The Swiss National Bank’s sudden monetary policy shift left many foreign exchange brokers in a bind, weighing on broker-dealers-related exchange traded fund.
The iShares US Broker-Dealers ETF (NYSEArca: IAI), which tracks U.S. investment banks, discount brokerages and stock exchanges, fell 2.0% Friday and declined 6.9% over the past week. IAI is now testing its 200-day simple moving average.
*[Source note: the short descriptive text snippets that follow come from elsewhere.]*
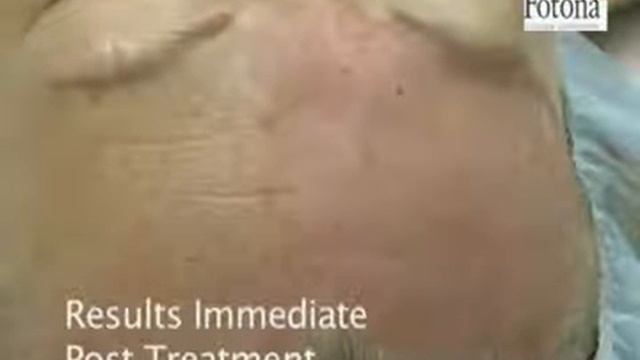 Горячий лазерный пилинг лазером Fotona смотреть онлайн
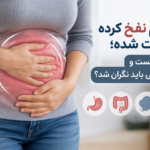 علت نفخ و سفت شدن شکم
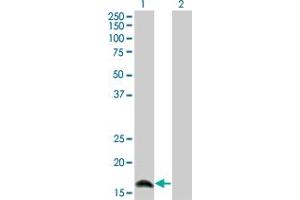 Western Blot analysis of IFNA2 expression in transfected 293T cell line by IFNA2 monoclonal antibody (M36), clone 2C10. (IFNA2 antibody  (AA 24-188))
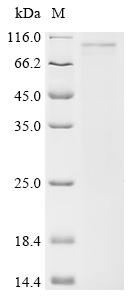 Recombinant Human Suppressor of cytokine signaling 6 (SOCS6) - image 1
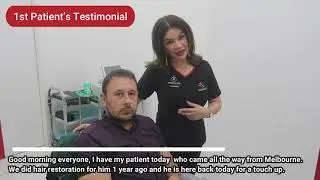 PATIENT'S TESTIMONIAL AFTER FUE HAIR TRANSPLANT | Iplus Hair Transplant Expert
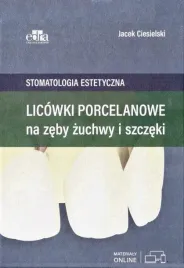 licowki-porcelanowe-na-zeby-zuchwy-i-szczeki-jacek-ciesielski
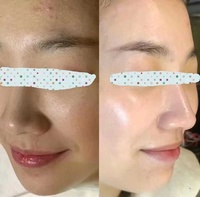 Sérum Éclaircissant Puissant au Glutathion en Gros avec Vitamine C et Concentré d'Acide Tranexamique – Ampoule Sérum Éclaircissant pour le Visage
The sudden surge in the Swiss franc currency wiped out many small-scale investors and brokerages that facilitate their bets, with retail broker Alpari UK filing for insolvency Friday and FXCM Inc (NYSE: FXCM) warning that it may be under-capitalized after clients lost $225 million, Reuters reports. [Swissie Surge Felt Across ETF Landscape]
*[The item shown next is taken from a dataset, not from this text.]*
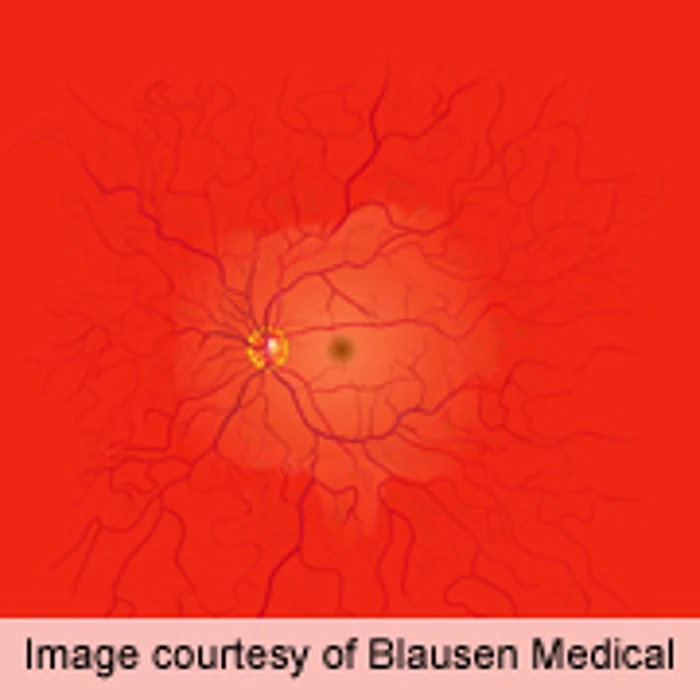 AHA: Retinal Damage Linked to Atrial Fibrillation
The move “caused by the SNB’s unexpected policy reversal of capping the Swiss franc against the euro has resulted in exceptional volatility and extreme lack of liquidity,” Alpari said in a statement. “This has resulted in the majority of clients sustaining losses which exceeded their account equity. Where a client cannot cover this loss, it is passed on to us. This has forced Alpari (UK) Limited to confirm that it has entered into insolvency.”
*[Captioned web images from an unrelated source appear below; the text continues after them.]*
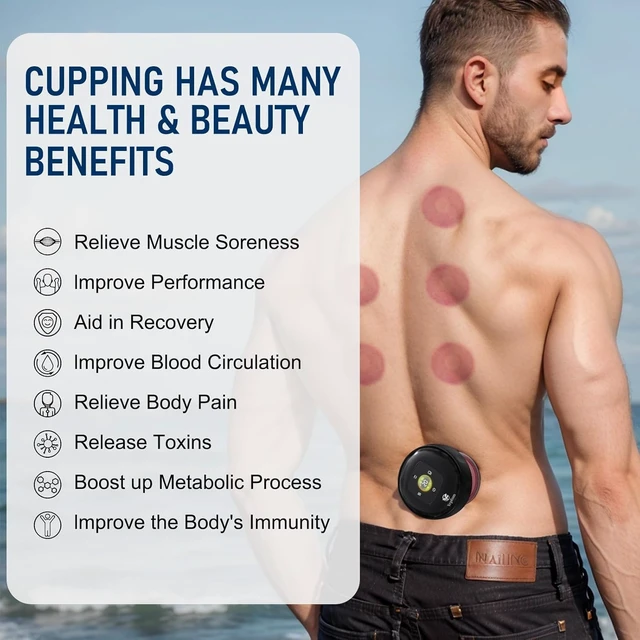 Alt view image 2 of 7 - 5-in-1 Smart Dynamic Cupping Set, 12 Levels Cupping Kit for Massage Therapy with Heat Penetrates for Targeted Pain Relief, Knots, Aches, Muscle Soreness - Black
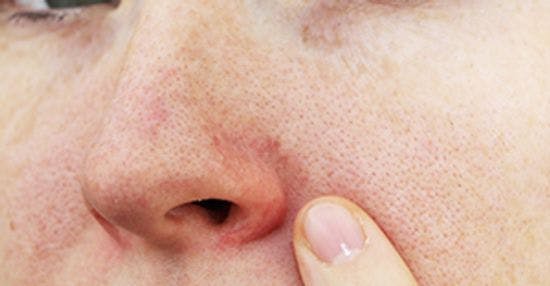 New Research Addresses Rosacea Challenges 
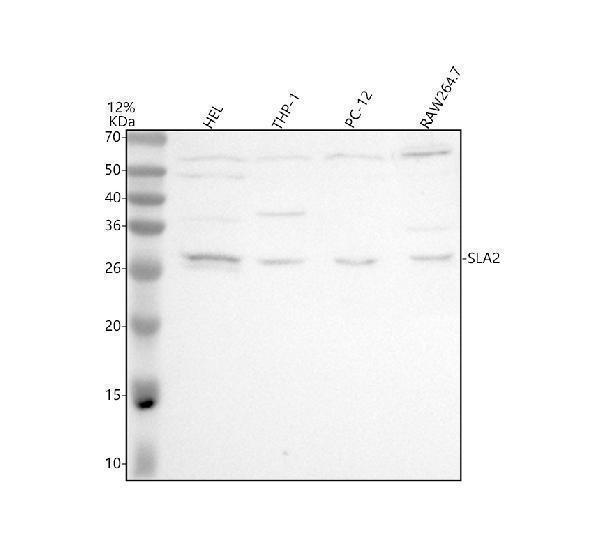 Western blot analysis of SLA2 using anti-SLA2 antibody (A06566-1)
FXCM plunged 88% in premarket trading after stating that its clients’ losses threatened the firm’s capital, reports Katrina Bishop for CNBC. FXCM makes up 2.1% of IAI.
After the tumult, investment bank Jefferies, a subsidiary of Leucadia National (NYSE: LUK), was reportedly in talks for a $300 million rescue of FXCM, reports Johanna Bennett for Barron’s. The PowerShares Global Listed Private Equity Portfolio (NYSEArca: PSP) includes a 3.3% tilt toward LUK.
Citigroup (NYSE: C) also reportedly lost $150 million on Forex trades Thursday due to the Swiss move.
Goldman Sachs (NYSE: GS) was also stopped out of one of its key trading ideas for 2015, selling the Swiss franc against the Swedish krona, the Wall Street Journal reported in November. GS makes up 9.4% of IAI.
Due to the SNB’s long-holding cap against the euro currency, many currency traders have maintained bearish bets on further declines in the franc currency.
“Selling puts or vol on the franc was deemed to be SNB guaranteed money for old rope,” Anthony Peters, a broker at Swiss Investment Corp., said in a note. “There will be some very red faces around as it begins to transpire who should not have been playing that game.”